- **Goal of the exercise**: Write out exactly the lines below that run from the one containing "Background On How" through the one containing "Akku Staubsauger 36000pa", both included, with no other lines.

- **Collected data**:
┌────────

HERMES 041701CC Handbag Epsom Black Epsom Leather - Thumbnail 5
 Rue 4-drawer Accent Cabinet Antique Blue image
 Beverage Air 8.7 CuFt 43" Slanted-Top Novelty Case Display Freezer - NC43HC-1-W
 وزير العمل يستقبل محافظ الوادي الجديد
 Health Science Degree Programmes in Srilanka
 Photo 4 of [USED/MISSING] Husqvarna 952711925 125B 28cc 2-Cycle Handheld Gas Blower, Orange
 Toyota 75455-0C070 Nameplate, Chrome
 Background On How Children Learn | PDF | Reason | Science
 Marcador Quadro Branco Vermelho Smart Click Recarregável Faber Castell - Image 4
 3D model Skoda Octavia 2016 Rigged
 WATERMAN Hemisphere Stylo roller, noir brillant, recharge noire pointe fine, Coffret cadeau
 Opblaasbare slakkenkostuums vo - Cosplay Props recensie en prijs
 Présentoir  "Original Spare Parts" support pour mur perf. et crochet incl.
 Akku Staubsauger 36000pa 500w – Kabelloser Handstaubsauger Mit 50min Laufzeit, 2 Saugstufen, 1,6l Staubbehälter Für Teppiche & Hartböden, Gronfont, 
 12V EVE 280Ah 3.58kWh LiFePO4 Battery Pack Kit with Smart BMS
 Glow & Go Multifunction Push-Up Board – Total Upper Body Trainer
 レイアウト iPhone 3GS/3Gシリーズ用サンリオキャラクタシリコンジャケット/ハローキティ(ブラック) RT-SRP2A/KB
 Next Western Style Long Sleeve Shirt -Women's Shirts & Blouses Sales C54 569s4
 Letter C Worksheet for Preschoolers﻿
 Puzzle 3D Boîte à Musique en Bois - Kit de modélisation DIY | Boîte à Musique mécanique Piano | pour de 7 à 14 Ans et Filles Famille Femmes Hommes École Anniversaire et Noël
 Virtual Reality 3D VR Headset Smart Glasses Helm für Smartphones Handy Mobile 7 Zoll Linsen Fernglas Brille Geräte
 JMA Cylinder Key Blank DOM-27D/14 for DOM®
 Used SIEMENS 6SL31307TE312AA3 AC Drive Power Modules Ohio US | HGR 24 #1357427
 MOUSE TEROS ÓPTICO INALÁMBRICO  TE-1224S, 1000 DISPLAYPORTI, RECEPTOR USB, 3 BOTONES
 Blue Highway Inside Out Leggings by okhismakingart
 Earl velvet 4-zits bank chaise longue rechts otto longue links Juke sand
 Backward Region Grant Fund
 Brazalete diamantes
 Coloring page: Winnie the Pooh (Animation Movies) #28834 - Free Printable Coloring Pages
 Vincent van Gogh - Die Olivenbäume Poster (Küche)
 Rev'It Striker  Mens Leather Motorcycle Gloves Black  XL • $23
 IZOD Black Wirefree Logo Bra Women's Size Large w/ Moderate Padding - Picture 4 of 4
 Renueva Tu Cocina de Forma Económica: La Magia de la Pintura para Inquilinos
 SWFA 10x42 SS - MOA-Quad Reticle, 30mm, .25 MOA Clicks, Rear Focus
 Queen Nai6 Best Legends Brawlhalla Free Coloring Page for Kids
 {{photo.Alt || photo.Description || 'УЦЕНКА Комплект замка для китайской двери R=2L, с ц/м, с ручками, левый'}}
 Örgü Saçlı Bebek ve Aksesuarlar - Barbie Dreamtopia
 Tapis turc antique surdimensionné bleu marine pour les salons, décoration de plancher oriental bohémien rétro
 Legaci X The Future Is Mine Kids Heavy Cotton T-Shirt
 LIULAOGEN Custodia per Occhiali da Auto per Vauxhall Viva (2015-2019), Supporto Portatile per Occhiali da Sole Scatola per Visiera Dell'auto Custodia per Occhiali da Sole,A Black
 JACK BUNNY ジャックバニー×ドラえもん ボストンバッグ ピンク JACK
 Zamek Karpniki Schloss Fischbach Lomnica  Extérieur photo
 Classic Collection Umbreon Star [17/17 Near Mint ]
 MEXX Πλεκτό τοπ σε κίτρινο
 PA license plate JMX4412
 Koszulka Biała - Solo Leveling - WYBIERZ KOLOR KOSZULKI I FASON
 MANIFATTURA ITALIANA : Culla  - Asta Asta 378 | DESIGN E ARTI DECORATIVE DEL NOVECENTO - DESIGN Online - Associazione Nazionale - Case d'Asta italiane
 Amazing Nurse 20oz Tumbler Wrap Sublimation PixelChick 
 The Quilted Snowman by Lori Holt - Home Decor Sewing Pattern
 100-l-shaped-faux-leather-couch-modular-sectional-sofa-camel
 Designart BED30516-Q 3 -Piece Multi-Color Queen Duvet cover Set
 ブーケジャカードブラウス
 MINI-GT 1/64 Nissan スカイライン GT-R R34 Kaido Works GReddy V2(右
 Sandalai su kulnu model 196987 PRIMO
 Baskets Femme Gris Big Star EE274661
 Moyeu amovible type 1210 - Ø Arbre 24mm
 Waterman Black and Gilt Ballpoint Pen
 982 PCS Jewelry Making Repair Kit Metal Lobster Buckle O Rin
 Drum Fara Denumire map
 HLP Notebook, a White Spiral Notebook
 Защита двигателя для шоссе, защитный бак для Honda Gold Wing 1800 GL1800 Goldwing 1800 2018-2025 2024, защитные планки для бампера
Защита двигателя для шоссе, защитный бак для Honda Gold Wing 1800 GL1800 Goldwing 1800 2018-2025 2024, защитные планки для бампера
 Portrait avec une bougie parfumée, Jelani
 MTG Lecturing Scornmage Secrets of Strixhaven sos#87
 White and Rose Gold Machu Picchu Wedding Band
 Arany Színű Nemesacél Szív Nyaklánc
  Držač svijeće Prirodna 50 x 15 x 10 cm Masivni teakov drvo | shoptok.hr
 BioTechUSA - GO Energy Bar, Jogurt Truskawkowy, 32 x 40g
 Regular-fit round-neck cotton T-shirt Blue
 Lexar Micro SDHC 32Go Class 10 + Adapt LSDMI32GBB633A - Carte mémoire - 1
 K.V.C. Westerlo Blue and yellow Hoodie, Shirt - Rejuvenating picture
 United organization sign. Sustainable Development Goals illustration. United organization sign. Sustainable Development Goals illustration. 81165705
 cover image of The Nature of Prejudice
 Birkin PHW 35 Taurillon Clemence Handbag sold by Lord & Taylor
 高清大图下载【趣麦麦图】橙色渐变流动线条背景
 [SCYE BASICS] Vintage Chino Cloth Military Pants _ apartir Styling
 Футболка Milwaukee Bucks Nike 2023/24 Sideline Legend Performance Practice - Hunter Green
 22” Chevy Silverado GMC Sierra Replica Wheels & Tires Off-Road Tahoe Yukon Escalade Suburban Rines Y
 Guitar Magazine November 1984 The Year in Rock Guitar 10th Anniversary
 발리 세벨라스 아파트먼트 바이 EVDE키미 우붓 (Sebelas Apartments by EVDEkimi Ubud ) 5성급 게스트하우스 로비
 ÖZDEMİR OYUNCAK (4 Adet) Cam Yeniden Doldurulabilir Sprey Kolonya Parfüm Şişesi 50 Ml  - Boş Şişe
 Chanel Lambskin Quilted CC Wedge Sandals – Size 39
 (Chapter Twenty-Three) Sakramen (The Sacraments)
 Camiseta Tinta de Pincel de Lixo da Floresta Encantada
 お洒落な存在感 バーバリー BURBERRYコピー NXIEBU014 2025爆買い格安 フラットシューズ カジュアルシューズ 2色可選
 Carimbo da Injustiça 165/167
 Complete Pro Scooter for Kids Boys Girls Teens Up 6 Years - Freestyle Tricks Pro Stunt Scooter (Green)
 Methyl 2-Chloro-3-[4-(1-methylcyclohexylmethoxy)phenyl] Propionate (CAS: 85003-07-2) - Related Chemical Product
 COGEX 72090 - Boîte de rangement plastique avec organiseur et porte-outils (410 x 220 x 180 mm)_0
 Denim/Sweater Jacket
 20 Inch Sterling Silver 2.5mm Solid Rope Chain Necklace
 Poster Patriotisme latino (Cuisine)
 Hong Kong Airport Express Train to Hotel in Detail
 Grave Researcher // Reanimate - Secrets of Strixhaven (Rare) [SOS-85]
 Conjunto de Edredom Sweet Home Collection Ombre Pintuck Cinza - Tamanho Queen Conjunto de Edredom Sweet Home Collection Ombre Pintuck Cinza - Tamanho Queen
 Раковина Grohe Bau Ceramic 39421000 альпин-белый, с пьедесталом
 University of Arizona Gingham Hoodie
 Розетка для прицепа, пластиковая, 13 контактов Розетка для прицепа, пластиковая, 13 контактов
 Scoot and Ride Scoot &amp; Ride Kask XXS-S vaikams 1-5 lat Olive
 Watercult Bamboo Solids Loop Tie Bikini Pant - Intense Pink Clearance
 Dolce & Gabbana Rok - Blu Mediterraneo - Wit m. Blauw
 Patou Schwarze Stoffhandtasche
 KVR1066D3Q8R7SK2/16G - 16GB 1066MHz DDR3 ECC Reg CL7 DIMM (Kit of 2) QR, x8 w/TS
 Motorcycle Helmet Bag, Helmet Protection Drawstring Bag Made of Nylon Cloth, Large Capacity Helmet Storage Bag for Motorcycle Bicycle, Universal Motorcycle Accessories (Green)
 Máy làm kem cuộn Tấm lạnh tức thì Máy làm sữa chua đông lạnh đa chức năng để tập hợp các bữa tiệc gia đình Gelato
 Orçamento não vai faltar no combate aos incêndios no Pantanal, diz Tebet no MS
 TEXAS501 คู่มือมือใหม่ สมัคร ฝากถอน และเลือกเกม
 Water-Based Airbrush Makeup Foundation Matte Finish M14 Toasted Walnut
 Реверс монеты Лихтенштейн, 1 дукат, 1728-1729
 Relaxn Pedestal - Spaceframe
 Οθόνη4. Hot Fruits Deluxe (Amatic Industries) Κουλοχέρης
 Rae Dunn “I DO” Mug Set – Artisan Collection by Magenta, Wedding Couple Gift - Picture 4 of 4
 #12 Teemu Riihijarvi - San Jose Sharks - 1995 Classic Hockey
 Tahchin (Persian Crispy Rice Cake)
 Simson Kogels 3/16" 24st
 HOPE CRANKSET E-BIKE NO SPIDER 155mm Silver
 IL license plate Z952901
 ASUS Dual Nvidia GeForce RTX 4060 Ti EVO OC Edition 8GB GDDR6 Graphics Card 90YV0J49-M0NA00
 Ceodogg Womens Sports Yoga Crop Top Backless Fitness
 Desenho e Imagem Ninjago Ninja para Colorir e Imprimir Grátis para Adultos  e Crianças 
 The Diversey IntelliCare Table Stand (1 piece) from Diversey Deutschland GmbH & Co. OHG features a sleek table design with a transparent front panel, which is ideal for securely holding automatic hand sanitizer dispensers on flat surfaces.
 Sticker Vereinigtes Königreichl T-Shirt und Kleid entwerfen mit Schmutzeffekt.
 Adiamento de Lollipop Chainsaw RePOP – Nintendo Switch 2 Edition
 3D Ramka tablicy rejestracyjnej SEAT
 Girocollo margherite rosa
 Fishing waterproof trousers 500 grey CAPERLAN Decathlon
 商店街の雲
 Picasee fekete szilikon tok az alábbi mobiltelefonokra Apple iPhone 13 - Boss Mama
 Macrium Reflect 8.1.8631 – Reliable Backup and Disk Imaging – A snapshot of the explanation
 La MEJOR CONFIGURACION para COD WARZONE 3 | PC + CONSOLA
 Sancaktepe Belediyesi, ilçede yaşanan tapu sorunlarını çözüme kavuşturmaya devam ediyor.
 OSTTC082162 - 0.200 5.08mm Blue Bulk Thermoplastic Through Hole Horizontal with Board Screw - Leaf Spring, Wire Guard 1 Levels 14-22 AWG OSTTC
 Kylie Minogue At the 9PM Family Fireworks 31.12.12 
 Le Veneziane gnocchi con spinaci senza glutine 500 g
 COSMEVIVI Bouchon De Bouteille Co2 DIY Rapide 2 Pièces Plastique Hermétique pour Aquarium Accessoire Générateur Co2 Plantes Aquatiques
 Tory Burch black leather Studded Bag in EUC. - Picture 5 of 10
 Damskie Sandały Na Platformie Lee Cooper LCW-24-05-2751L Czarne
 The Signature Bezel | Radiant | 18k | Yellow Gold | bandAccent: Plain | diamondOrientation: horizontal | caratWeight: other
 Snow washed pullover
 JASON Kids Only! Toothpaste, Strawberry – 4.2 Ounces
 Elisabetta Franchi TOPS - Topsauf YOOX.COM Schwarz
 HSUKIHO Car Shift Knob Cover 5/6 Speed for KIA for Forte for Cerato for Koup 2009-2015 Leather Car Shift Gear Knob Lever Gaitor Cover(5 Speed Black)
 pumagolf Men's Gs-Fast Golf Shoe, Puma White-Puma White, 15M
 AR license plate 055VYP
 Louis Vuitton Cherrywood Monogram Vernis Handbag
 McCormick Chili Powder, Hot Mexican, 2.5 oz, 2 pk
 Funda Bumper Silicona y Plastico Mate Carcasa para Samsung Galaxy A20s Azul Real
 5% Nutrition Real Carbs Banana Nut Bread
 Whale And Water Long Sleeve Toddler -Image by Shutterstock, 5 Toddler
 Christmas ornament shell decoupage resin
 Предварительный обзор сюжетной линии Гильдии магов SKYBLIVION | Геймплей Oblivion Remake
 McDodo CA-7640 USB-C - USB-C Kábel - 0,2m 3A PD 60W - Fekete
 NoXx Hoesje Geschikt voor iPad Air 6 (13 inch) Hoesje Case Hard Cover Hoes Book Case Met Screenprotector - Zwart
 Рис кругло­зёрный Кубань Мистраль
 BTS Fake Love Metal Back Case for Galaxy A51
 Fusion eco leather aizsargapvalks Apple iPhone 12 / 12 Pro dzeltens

└────────

- **Answer to the problem**:
 Background On How Children Learn | PDF | Reason | Science
 Marcador Quadro Branco Vermelho Smart Click Recarregável Faber Castell - Image 4
 3D model Skoda Octavia 2016 Rigged
 WATERMAN Hemisphere Stylo roller, noir brillant, recharge noire pointe fine, Coffret cadeau
 Opblaasbare slakkenkostuums vo - Cosplay Props recensie en prijs
 Présentoir  "Original Spare Parts" support pour mur perf. et crochet incl.
 Akku Staubsauger 36000pa 500w – Kabelloser Handstaubsauger Mit 50min Laufzeit, 2 Saugstufen, 1,6l Staubbehälter Für Teppiche & Hartböden, Gronfont, 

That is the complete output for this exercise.